** Opening SUPPLIED INFORMATION block **

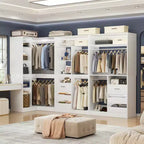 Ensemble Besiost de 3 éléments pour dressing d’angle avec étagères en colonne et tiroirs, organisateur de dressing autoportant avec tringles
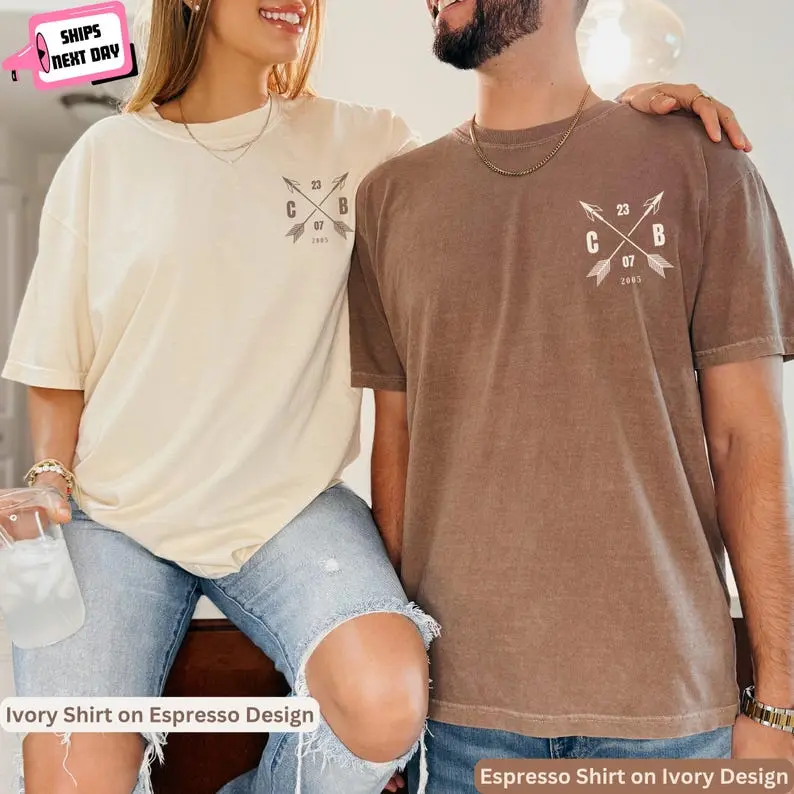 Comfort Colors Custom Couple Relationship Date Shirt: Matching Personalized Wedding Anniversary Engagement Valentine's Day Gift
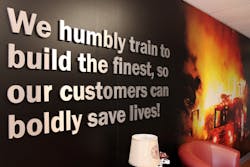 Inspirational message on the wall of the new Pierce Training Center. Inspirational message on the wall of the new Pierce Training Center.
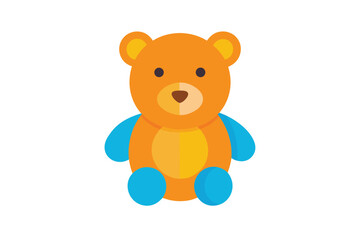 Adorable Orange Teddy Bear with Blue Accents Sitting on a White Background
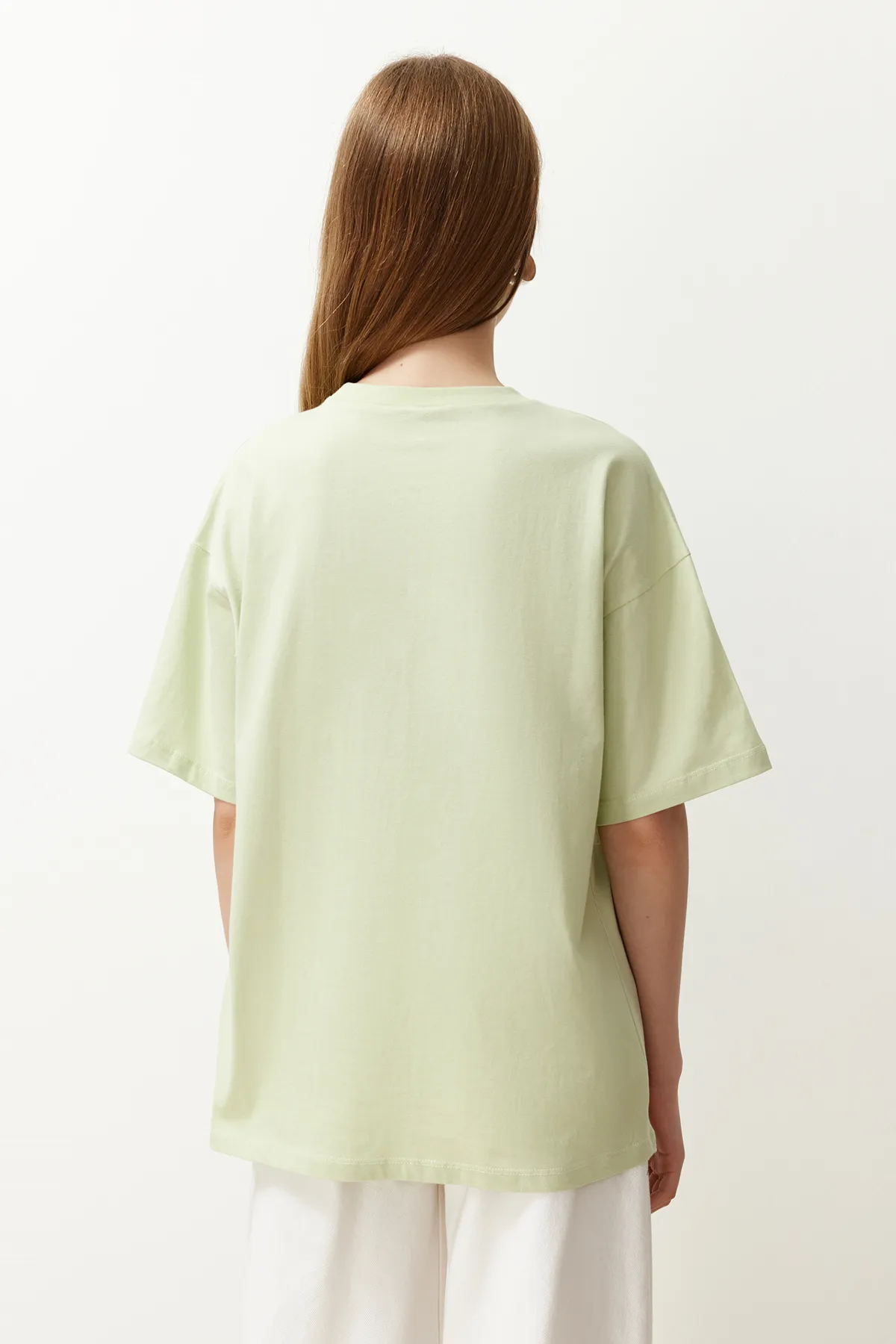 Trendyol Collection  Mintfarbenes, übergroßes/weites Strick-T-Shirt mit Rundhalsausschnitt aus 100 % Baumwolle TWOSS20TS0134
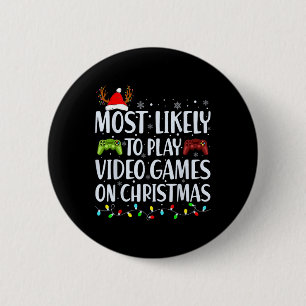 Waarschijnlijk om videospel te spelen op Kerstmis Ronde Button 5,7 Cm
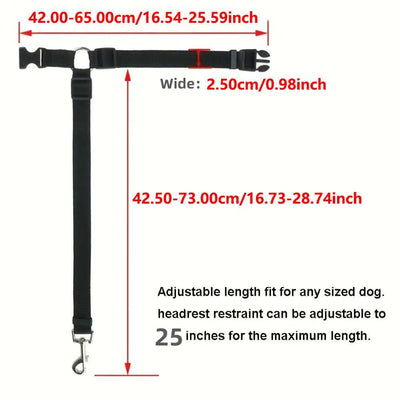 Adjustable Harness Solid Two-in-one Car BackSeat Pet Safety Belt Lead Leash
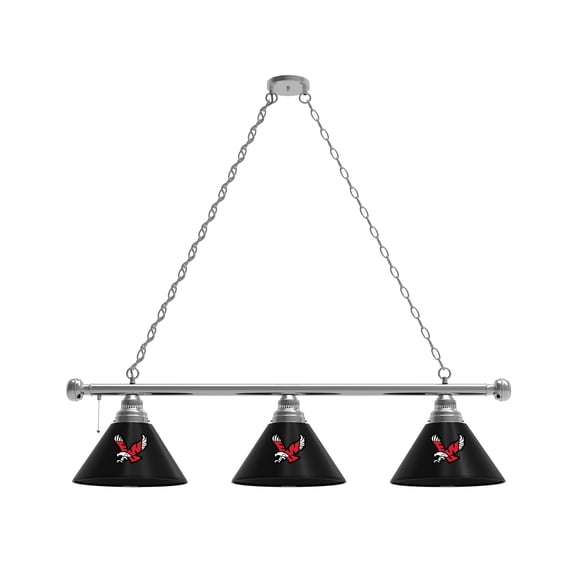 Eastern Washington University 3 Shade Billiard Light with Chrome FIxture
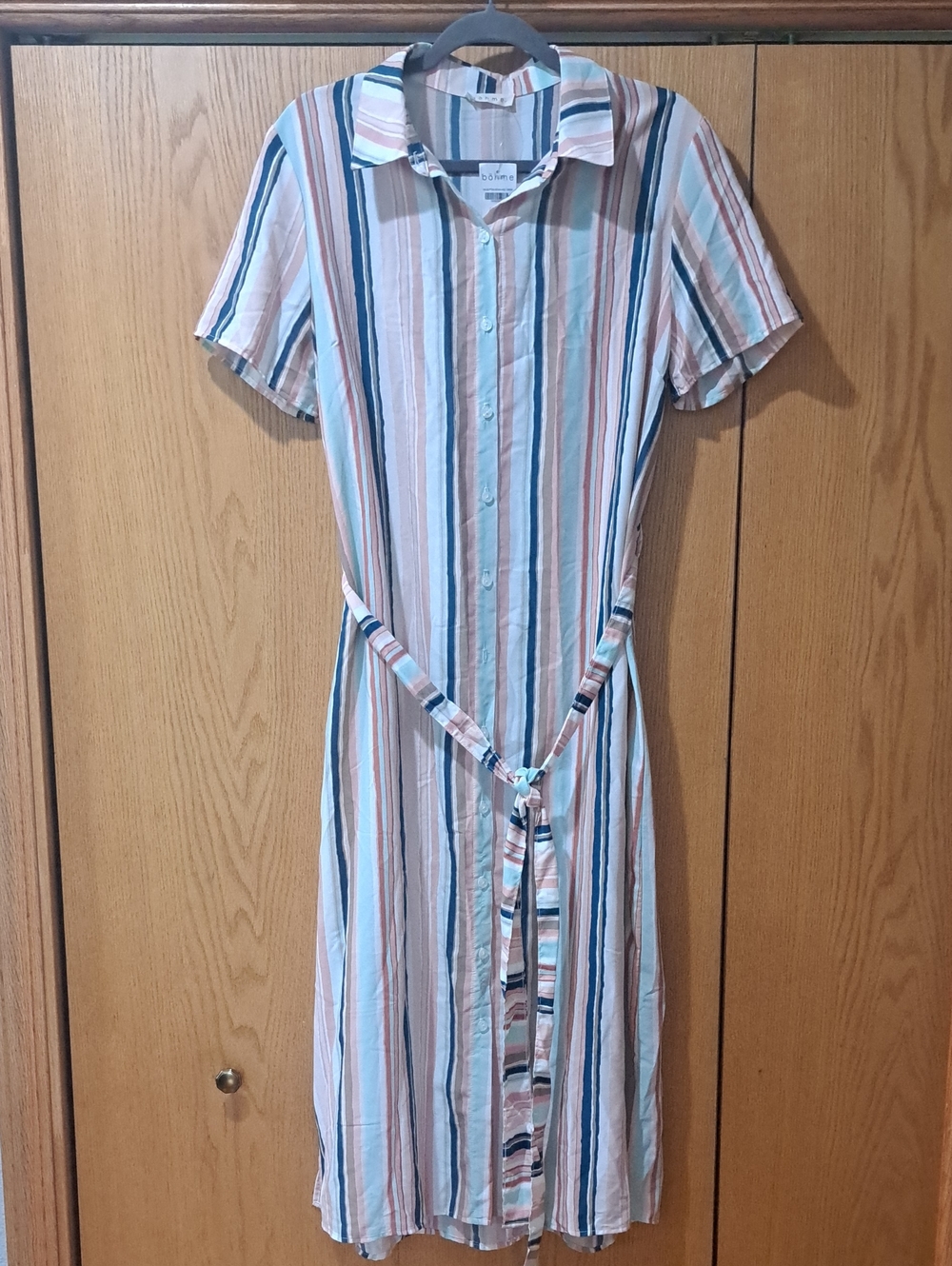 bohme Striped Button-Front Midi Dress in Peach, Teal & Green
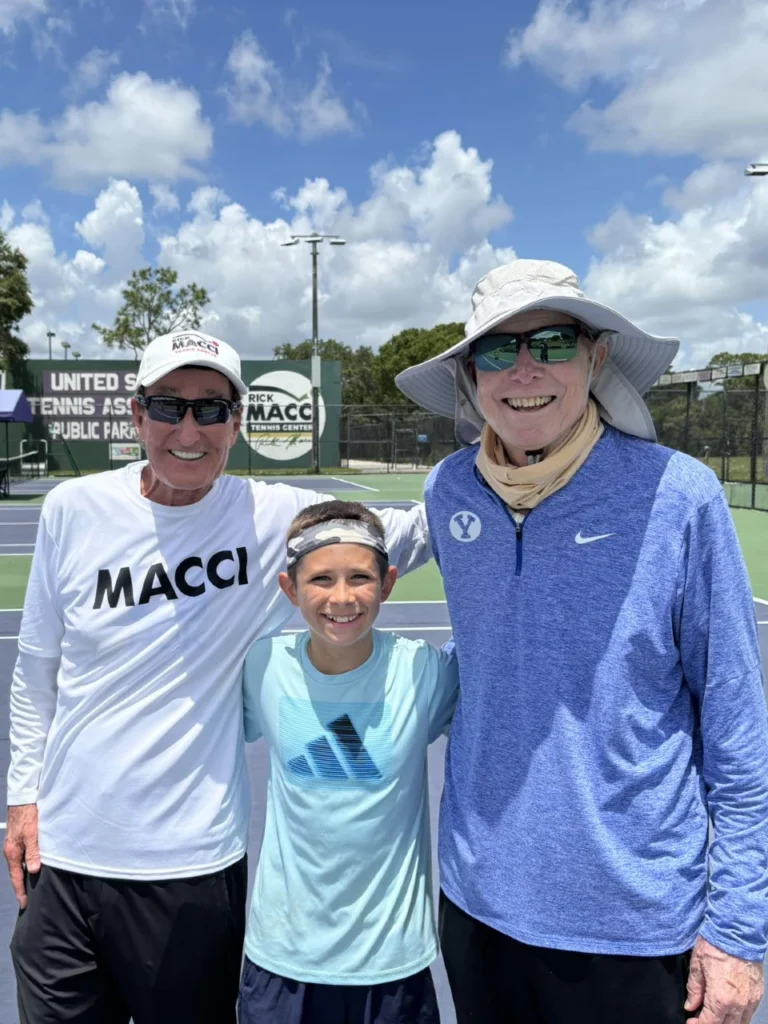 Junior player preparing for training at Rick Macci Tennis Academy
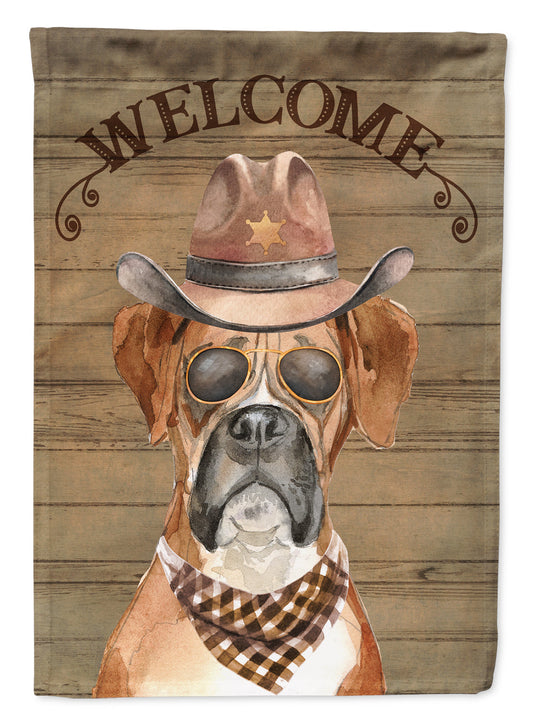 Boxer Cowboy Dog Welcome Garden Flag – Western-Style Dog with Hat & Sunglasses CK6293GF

** Closing SUPPLIED INFORMATION block **

THE TASK:
Could the data above be reproduced exactly, with the pictures left out?

THE COMPLETED TASK:
 Ensemble Besiost de 3 éléments pour dressing d’angle avec étagères en colonne et tiroirs, organisateur de dressing autoportant avec tringles
 Comfort Colors Custom Couple Relationship Date Shirt: Matching Personalized Wedding Anniversary Engagement Valentine's Day Gift
 Inspirational message on the wall of the new Pierce Training Center. Inspirational message on the wall of the new Pierce Training Center.
 Adorable Orange Teddy Bear with Blue Accents Sitting on a White Background
 Trendyol Collection  Mintfarbenes, übergroßes/weites Strick-T-Shirt mit Rundhalsausschnitt aus 100 % Baumwolle TWOSS20TS0134
 Waarschijnlijk om videospel te spelen op Kerstmis Ronde Button 5,7 Cm
 Adjustable Harness Solid Two-in-one Car BackSeat Pet Safety Belt Lead Leash
 Eastern Washington University 3 Shade Billiard Light with Chrome FIxture
 bohme Striped Button-Front Midi Dress in Peach, Teal & Green
 Junior player preparing for training at Rick Macci Tennis Academy
 Boxer Cowboy Dog Welcome Garden Flag – Western-Style Dog with Hat & Sunglasses CK6293GF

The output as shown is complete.